The answer depends on whether you are assuming the symmetric or asymmetric dirichlet distribution (or, more technically, whether the base measure is uniform). Unless something else is specified, most implementations of LDA assume the distribution is symmetric.
For the symmetric distribution, a high alpha-value means that each document is likely to contain a mixture of most of the topics, and not any single topic specifically. A low alpha value puts less such constraints on documents and means that it is more likely that a document may contain mixture of just a few, or even only one, of the topics. Likewise, a high beta-value means that each topic is likely to contain a mixture of most of the words, and not any word specifically, while a low value means that a topic may contain a mixture of just a few of the words.
If, on the other hand, the distribution is asymmetric, a high alpha-value means that a specific topic distribution (depending on the base measure) is more likely for each document. Similarly, high beta-values means each topic is more likely to contain a specific word mix defined by the base measure.
In practice, a high alpha-value will lead to documents being more similar in terms of what topics they contain. A high beta-value will similarly lead to topics being more similar in terms of what words they contain.
So, yes, the alpha-parameters specify prior beliefs about topic sparsity/uniformity in the documents. I'm not entirely sure what you mean by "mutual exclusiveness of topics in terms of words" though.
More generally, these are concentration parameters for the dirichlet distribution used in the LDA model.
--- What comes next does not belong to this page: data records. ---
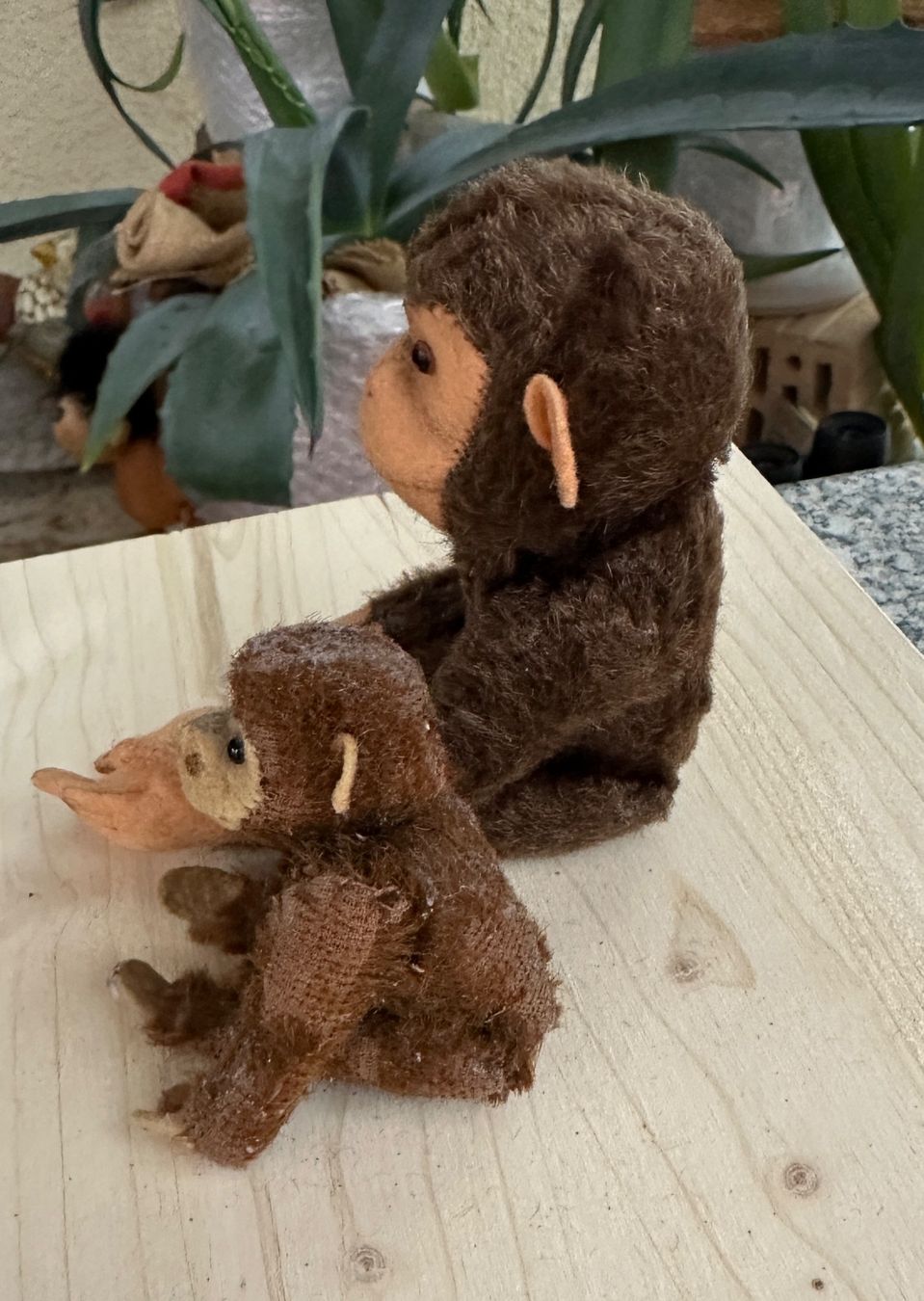 Steiff Giocattoli: 2 Äffchen Steiff Affe ca. 12 und 18 cm – Usato da Zürich venduto da brazerola 3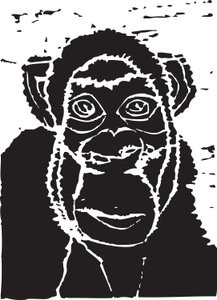 Chimpanzee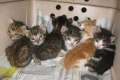 11 nuevos gatitos en Málaga,urgente su adopciones!!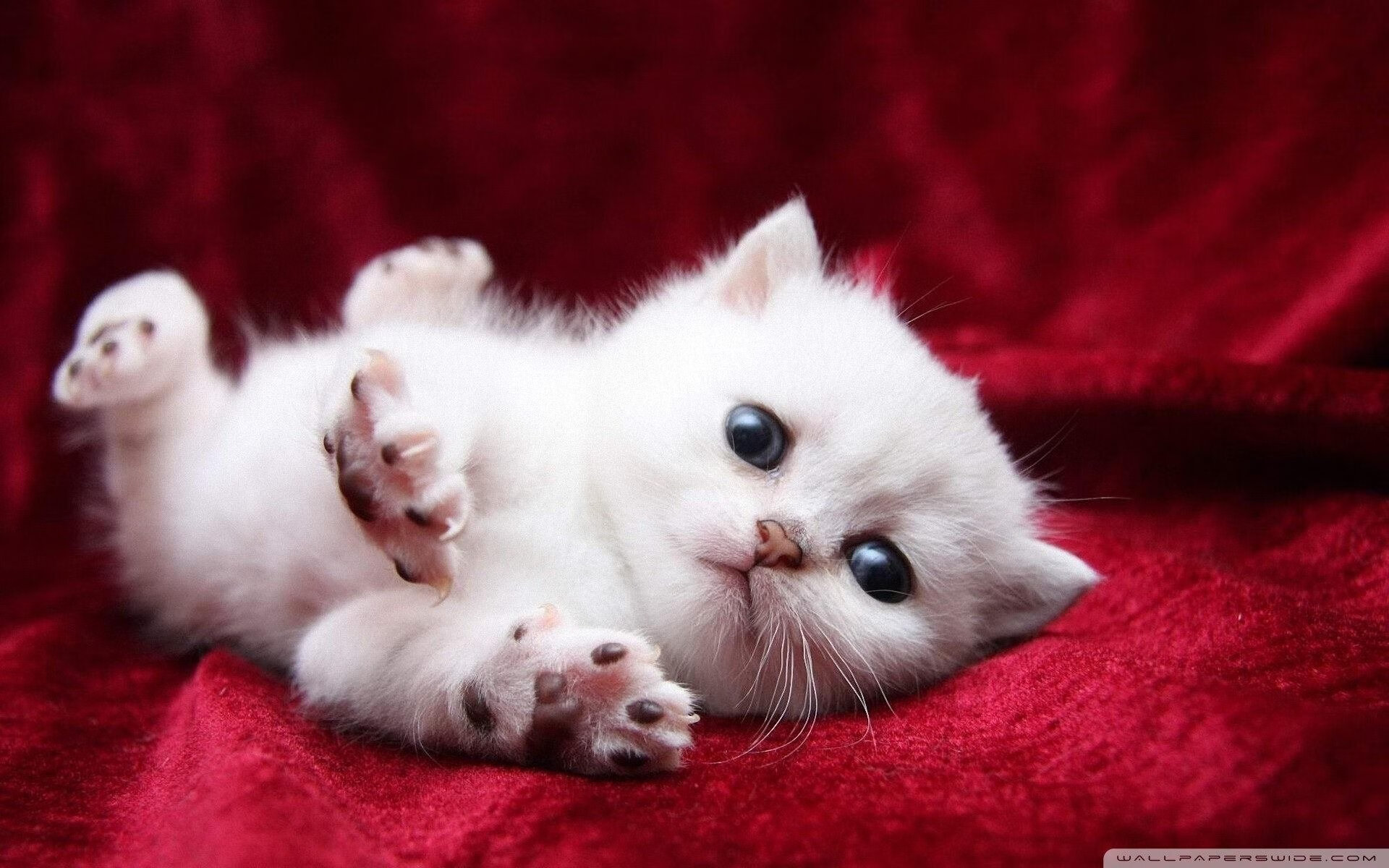 开云体育APP下载-起跑线上的硝烟，F1揭幕战，巴西人的闪电战与丹麦人的漫长战役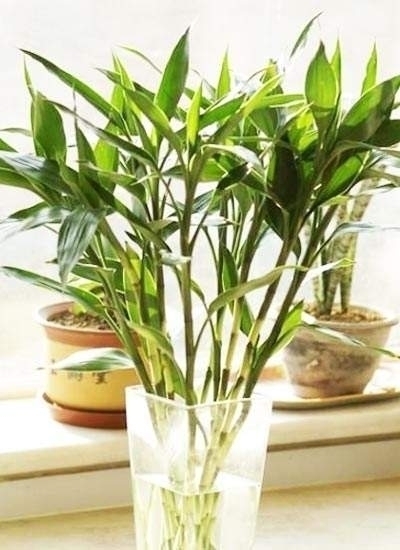 鹅掌柴|养花不在多,家中养上这“3种”,安宅又“旺财”,舒适又健康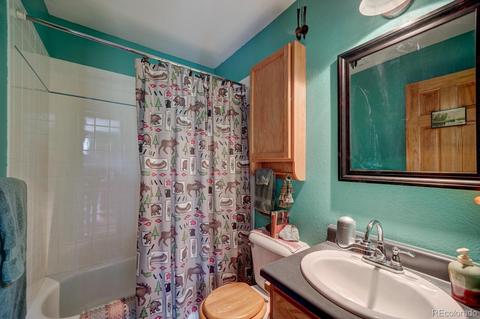 35 Zip Ln, Bailey, CO 80421 photo 23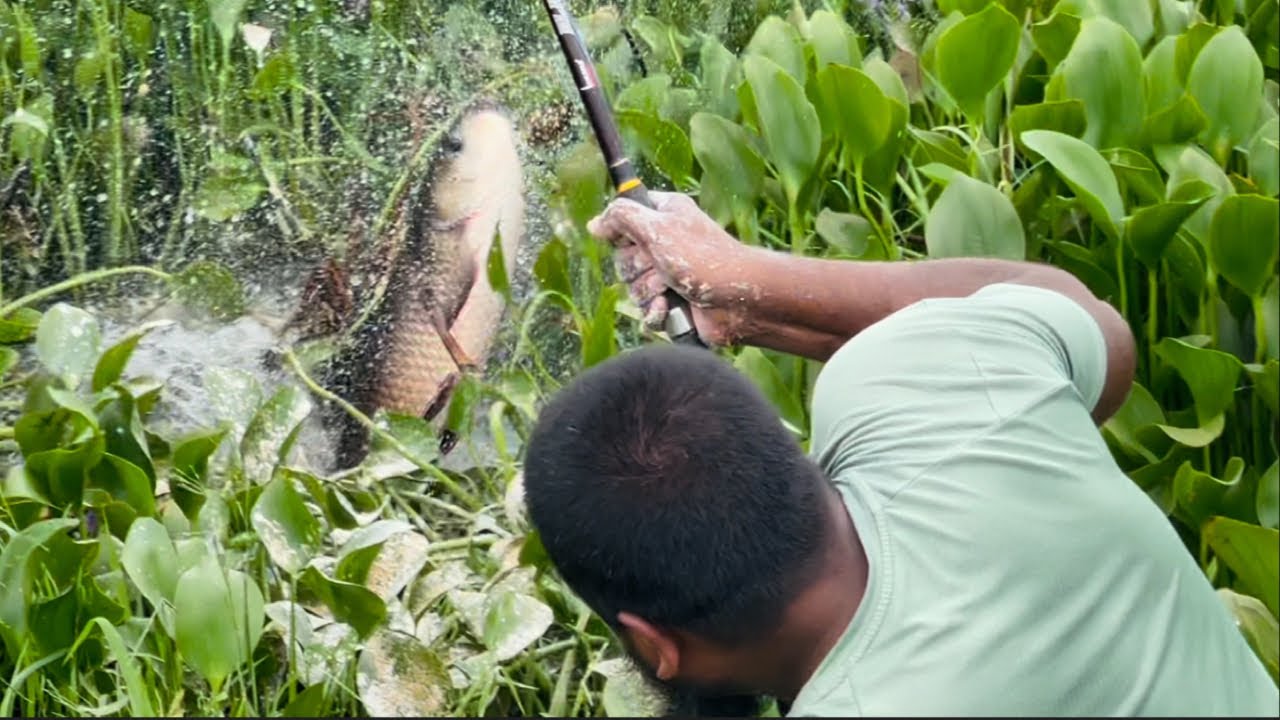 Big size rohu fishes catching with single  (triple) hook 😳| बड़ी मछली का शिकार | #fishing #fish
To gain some intuitive understanding of how this works, this presentation contains some nice illustrations, as well as a good explanation of LDA in general.
An additional comment I'll put here, since I can't comment on your original question: From what I've seen, the alpha- and beta-parameters can somewhat confusingly refer to several different parameterizations. The underlying dirichlet distribution is usually parameterized with the vector $(\alpha_1, \alpha_2, ... ,\alpha_K)$ , but this can be decomposed into the base measure $u = (u_1, u_2, ..., u_K)$ and the concentration parameter $\alpha$, such that $\alpha * \textbf{u} = (\alpha_1, \alpha_2, ... ,\alpha_K)$ . In the case where the alpha parameter is a scalar, it is usually meant the concentration parameter $\alpha$, but it can also mean the values of $(\alpha_1, \alpha_2, ... ,\alpha_K)$, since these will be equal under the symmetrical dirichlet distribution. If it's a vector, it usually refers to $(\alpha_1, \alpha_2, ... ,\alpha_K)$. I'm not sure which parametrization is most common, but in my reply I assume you meant the alpha- and beta-values as the concentration parameters.